Из трактира вышли уже за полночь, когда на шёлковом синем небе морозно и остро сияли звёзды. Николай, изрядно пьяный, щурился на них и улыбался, придерживая Эверта под руку, пока шли с ним до извозчика. Денег оставалось в обрез, но лучшего способа просадить их, чем сегодня, придумать было сложно. Сам Эверт спокойно мог бы дойти домой и пешком, но Николая стоило бы проводить. В какой-то момент — то ли нога слегка поскользнулась на обледеневшей мостовой, то ли пьяно повело — его мягко качнуло, и Эверт машинально схватил его в объятия, чтобы удержать. Последовало секундное замешательство. С кем-то другим или в какое-то другое время моментом непременно воспользовался бы. Но не теперь. Не глядя в глаза, Эверт осторожно отпустил, и даже не позволил себе подать ему руку, когда садились на извозчика.

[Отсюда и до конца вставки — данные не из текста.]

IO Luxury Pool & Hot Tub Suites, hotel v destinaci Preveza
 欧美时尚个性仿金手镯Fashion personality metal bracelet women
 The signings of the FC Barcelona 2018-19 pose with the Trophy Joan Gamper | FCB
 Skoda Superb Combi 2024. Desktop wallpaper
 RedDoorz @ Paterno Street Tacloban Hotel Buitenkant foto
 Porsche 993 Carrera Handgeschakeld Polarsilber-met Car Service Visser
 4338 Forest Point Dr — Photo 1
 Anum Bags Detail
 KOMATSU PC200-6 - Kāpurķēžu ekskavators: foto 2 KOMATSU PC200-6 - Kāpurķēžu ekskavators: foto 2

Обратно ехали молча. Николай подрёмывал, зарывшись носом в песцовый ворот, Эверт глядел на проплывающие мимо светлые окна. Наговорились до того, что голова слегка кружилась — впервые за годы, и впервые за годы это не утомило. Да даже просто молча ехать рядом с ним вот так, как сейчас, было до того покойно и правильно, что, когда незаметно подъехали к дому Малюшина, кольнула лёгкая досада.
— Приехали, барин, — буднично сказал извозчик.
Николай открыл глаза и сонно прищурился, осматриваясь.
— Правда, — пробормотал он и потянулся. — Славно погуляли, спасибо тебе. Заглядывай. Хоть завтра приходи, буду рад. Я в первой половине дня буду дома, а там — захочешь, сходим куда-нибудь.
— Спасибо. И ты заходи, — сказал Эверт, мягко пожимая ему руку.
Николай смотрел на него всего секунду — привычно весело и ласково, но секунда показалась вечностью. Прекрасно знал, что если поцеловать его, против он не будет. Потом показалось — он поцелует сам. Сегодня с утра такое завершение вечера показалось бы естественным и желанным, но не сейчас.
Хотелось постепенно сближаться. Хотелось узнавать его, хотелось интриги, сомнений, медленных шагов. Хотелось научиться ценить случайные прикосновения и взгляды, научиться чувствовать. Такого никогда ещё не было. Или почти не было. Почти оглушённый этим осознанием, Эверт выпустил его ладонь из рук.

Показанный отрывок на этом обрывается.